What this task involves:
From the records below, transcribe only the lines running from the one with "Markets will be" through the one with "Barboach 108/197 Obsidian". Keep both of those end lines.

"""

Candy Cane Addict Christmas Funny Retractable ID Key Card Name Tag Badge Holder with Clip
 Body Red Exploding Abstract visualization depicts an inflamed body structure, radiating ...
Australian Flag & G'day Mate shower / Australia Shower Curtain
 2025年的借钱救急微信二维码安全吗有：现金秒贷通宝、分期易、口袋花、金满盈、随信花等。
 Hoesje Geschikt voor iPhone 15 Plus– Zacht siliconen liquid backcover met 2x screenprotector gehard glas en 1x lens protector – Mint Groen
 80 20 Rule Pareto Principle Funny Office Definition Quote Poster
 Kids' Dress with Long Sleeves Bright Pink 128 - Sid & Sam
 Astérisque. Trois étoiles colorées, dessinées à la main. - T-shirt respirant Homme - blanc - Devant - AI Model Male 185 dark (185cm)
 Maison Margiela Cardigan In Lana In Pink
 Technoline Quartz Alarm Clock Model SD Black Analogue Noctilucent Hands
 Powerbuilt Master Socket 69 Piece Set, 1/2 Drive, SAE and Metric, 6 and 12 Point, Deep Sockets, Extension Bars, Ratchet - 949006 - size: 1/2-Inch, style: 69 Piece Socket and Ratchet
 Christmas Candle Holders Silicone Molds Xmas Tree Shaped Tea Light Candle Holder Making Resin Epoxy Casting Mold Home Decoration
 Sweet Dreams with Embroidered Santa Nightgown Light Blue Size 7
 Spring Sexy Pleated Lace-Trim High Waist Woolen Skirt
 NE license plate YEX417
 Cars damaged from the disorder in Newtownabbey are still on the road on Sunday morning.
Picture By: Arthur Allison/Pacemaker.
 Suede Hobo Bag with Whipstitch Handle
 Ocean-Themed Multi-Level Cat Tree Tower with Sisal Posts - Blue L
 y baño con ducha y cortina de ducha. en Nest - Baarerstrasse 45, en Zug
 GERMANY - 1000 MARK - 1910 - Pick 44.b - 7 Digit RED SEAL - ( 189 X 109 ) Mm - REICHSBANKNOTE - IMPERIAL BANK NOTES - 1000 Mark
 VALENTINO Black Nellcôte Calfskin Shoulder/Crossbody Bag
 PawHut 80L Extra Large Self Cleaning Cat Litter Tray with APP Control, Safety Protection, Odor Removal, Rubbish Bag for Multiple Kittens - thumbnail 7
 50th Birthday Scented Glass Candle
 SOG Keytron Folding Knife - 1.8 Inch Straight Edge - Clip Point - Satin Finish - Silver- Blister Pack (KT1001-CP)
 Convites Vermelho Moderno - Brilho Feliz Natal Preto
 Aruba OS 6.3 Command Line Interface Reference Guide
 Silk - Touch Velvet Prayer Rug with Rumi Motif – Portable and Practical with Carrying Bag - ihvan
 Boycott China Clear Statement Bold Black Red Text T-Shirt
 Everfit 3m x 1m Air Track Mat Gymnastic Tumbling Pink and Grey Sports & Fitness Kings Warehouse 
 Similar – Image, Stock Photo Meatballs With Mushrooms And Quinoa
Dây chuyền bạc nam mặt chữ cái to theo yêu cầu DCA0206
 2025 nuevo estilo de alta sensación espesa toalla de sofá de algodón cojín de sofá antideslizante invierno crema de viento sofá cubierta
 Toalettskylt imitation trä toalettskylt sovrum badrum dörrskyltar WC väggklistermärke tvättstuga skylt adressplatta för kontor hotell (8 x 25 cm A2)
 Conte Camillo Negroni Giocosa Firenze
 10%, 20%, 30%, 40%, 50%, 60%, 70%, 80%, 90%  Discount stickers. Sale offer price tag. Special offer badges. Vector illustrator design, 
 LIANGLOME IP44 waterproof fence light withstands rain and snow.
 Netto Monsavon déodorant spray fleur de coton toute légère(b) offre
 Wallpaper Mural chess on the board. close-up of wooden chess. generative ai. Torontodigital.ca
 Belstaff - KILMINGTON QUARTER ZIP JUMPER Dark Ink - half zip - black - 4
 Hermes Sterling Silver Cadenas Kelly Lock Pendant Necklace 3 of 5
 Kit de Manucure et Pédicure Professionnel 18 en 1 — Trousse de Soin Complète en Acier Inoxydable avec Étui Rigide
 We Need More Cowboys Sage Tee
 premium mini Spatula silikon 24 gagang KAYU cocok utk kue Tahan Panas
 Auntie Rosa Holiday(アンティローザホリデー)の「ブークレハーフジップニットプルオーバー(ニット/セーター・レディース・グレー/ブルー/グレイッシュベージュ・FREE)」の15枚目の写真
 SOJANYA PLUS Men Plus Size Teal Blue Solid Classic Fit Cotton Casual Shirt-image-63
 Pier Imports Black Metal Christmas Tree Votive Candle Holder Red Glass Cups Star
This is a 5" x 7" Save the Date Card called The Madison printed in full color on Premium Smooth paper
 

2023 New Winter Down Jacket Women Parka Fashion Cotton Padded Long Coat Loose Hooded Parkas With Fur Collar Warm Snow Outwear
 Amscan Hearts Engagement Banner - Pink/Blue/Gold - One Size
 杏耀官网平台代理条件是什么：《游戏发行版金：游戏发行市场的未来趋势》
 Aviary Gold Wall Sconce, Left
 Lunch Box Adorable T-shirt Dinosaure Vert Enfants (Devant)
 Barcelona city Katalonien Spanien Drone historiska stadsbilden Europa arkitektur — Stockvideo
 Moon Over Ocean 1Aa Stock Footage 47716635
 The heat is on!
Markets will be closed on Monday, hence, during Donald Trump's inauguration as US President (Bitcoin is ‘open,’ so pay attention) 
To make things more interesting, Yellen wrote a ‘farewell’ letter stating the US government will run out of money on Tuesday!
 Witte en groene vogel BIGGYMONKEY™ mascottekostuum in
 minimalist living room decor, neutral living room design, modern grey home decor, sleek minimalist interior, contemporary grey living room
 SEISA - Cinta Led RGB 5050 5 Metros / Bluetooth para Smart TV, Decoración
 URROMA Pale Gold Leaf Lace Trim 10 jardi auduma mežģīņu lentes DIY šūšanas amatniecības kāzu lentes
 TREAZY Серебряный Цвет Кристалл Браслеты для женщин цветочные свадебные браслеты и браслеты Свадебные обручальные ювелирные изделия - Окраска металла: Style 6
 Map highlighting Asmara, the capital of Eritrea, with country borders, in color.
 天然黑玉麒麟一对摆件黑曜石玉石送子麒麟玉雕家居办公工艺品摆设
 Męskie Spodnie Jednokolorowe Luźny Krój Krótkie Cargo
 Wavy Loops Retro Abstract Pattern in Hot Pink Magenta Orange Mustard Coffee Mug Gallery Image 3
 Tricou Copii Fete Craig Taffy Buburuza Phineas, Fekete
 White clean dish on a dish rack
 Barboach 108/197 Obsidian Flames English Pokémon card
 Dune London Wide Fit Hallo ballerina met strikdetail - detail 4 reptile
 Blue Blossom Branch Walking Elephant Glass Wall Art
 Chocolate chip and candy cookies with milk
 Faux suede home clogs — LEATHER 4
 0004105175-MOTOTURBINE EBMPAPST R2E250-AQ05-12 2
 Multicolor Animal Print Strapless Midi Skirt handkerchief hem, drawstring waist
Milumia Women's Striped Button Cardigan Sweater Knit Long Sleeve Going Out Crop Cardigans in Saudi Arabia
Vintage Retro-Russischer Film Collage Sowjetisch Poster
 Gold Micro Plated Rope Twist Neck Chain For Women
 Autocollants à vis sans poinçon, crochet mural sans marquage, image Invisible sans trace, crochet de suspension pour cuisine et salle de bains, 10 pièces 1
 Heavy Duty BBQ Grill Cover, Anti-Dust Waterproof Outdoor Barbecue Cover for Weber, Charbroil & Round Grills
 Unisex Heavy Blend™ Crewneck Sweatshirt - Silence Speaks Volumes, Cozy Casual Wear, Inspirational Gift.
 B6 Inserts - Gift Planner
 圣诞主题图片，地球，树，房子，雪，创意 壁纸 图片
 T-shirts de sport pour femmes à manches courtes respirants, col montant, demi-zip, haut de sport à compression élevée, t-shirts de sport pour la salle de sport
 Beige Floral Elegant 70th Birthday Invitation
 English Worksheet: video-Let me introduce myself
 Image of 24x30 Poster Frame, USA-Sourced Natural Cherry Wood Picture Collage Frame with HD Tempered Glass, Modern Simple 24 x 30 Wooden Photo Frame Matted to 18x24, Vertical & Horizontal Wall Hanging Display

"""

Problem solution:
Markets will be closed on Monday, hence, during Donald Trump's inauguration as US President (Bitcoin is ‘open,’ so pay attention) 
To make things more interesting, Yellen wrote a ‘farewell’ letter stating the US government will run out of money on Tuesday!
 Witte en groene vogel BIGGYMONKEY™ mascottekostuum in
 minimalist living room decor, neutral living room design, modern grey home decor, sleek minimalist interior, contemporary grey living room
 SEISA - Cinta Led RGB 5050 5 Metros / Bluetooth para Smart TV, Decoración
 URROMA Pale Gold Leaf Lace Trim 10 jardi auduma mežģīņu lentes DIY šūšanas amatniecības kāzu lentes
 TREAZY Серебряный Цвет Кристалл Браслеты для женщин цветочные свадебные браслеты и браслеты Свадебные обручальные ювелирные изделия - Окраска металла: Style 6
 Map highlighting Asmara, the capital of Eritrea, with country borders, in color.
 天然黑玉麒麟一对摆件黑曜石玉石送子麒麟玉雕家居办公工艺品摆设
 Męskie Spodnie Jednokolorowe Luźny Krój Krótkie Cargo
 Wavy Loops Retro Abstract Pattern in Hot Pink Magenta Orange Mustard Coffee Mug Gallery Image 3
 Tricou Copii Fete Craig Taffy Buburuza Phineas, Fekete
 White clean dish on a dish rack
 Barboach 108/197 Obsidian Flames English Pokémon card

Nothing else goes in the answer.